Massacres du 8 Mai 1945: Les contrevérités de la version française

Massacres du 8 Mai 1945

Les contrevérités de la version française

El Watan, 8 mai 2011

Six décennies après les événements du 8 Mai 1945, le cauchemar du mardi noir est toujours vivace dans la mémoire des derniers rescapés qui ne veulent ni pardonner ni oublier.

D’autant plus que les nostalgiques de l’Algérie française excellent encore et toujours dans l’intox et la désinformation : «Il suffit de prendre connaissance du compte rendu de l’Agence France presse (AFP) du 13 mai 1945 pour mesurer l’ampleur du mensonge, monté de toutes pièces par la France coloniale qui n’a pas voulu souffler mot à propos des milliers d’indigènes enterrés dans des fosses communes à Sétif, Amoucha, Aïn Abassa, Aïn Kebira, Bouandas, Beni Fouda, Aïn Roua et Beni Aziz, pour ne citer que ces endroits. Elle passe en outre sous silence les disparus et les exécutions sommaires perpétrées par les milices qui ont donné un sacré coup de main à l’armée, aidée par la Légion étrangère, l’aviation et les bateaux de guerre pillant à partir des côtes de Béjaïa et Jijel.

Dire que les paysans d’Amoucha étaient munis d’armes automatiques et que Déluca, président de la délégation spécial de Sétif, a été tué chez lui, c’est faire offense à la vérité et à l’histoire», martèlent Lamri Boukhalfa et Smaïl Ratteb, deux des derniers rescapés de la tragédie, soutenus par Abdelhamid Salakdji, président de la Fondation du 8 Mai, section de Sétif, qui réclame à son tour réparation.
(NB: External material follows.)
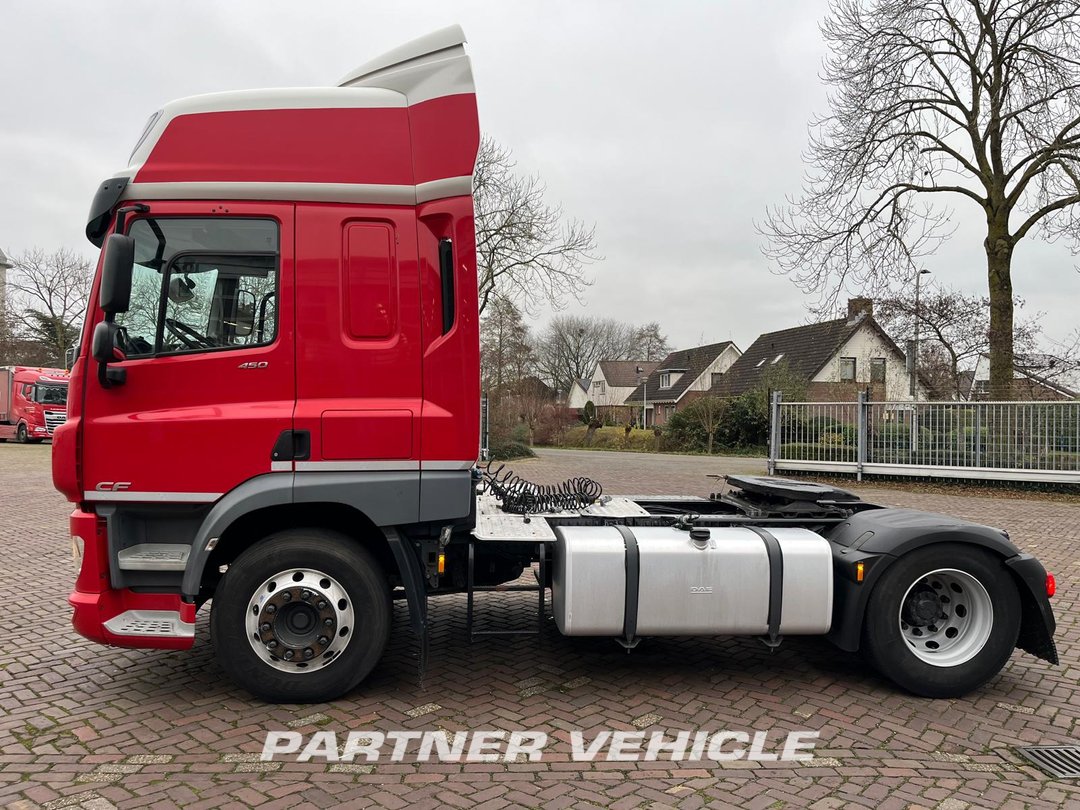 frontLeft : DAF CF 450 Tracteur routier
Pour étayer les propos de nos interlocuteurs, nous avons jugé utile de reproduire de larges extraits du précité document qui entame son récit par la «rumeur» : «Trop de rumeurs incontrôlables circulent encore entre Alger et Constantine pour qu’il soit dès aujourd’hui possible de faire le point des incidents dramatiques qui ont ensanglanté la région de Sétif depuis le 8 mai.
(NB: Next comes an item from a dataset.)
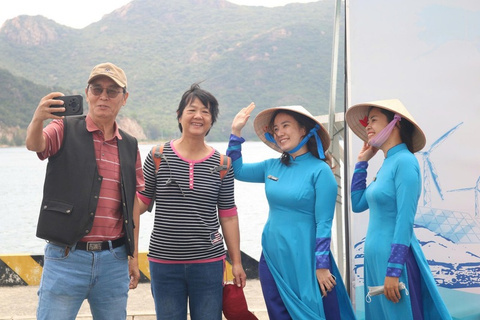 Du khách quốc tế chụp ảnh lưu niệm tại cảng Cam Ranh khi tàu MS Coral Princess cập bến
Il est clair, cependant, que le principal foyer de l’agitation se situe entre Sétif et la mer, dans les montagnes des Babors, pays sauvage qui donne son cadre grandiose aux ruines de l’antique Cuicul et dont les crêtes dépassent 2000 mètres et que coupent en deux les gorges abruptes du Défilé de la Mort»
Cette région peu accessible est peuplée de tribus berbères frustes et misérables dont l’hostilité latente apparaissait périodiquement dans des attentats isolés. Des maisons forestières et petits centres de colonisation clairsemés y représentent toute l’influence européenne à l’écart des grandes routes. Le 8 mai dans la matinée, un taxi arrivait à Sétif venant d’Alger. Un pneu ayant crevé, le conducteur, sans prendre le temps de réparer, avait roulé sur la jante pendant les derniers 17 km : c’est le mot d’ordre insurrectionnel qu’il apportait (…).
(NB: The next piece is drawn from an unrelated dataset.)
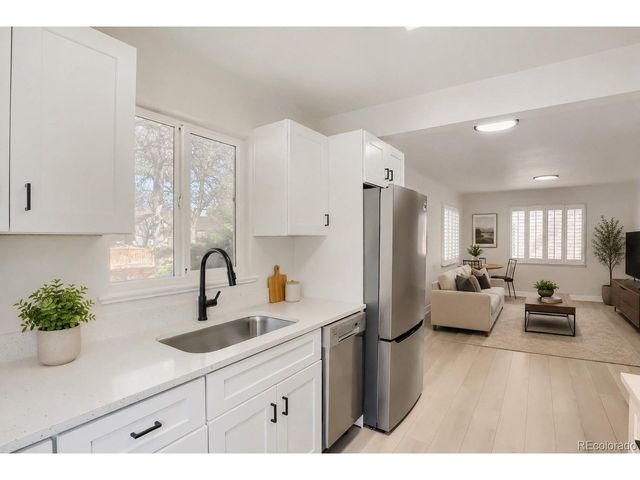 1558 Spruce St, Denver, CO 80220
De paisibles Européens attablés aux terrasses des cafés qui fêtaient la victoire ont été poignardés, assommés, leurs cadavres mutilés au point que certaines victimes n’ont pu être identifiées quelques instants à peine après la fin du drame.» En parlant du sang qui a coulé, le document, qui ne fait à aucun moment état du massacre des indigènes, balance une autre «information» : «C’est dans un couloir intérieur de son logis que s’écroulait mortellement frappé le président de la Délégation spéciale, M. Deluca ; M. Vaillant, ex-président du tribunal, subissait le même sort.

A coups de hache, le président de la section locale du Parti communiste avait les deux bras sectionnés. La police et la troupe, celle-ci consignée depuis la veille dans toute l’Algérie, devaient intervenir par tous les moyens à leur disposition pour arrêter l’émeute et rétablir l’ordre. Mais dans les centres isolés environnants, les troubles ont simultanément éclaté. Les Amouchas, tribu particulièrement fruste, munis d’armes automatiques de provenances variées, assaillent maisons forestières, fermes européennes et centres de colonisation où s’étaient réfugiés la plupart des Européens isolés. Des scènes atroces se déroulent en maints endroits et aussi des prodiges de courage et de dévouement.»
Pour rassurer la consommation interne, le communiqué ne manque pas de signaler en bas de page que l’ordre est rétabli et le calme est revenu. Alors que la répression qui a fait des milliers de morts s’est poursuivie, d’après de nombreuses sources, jusqu’au mois d’octobre.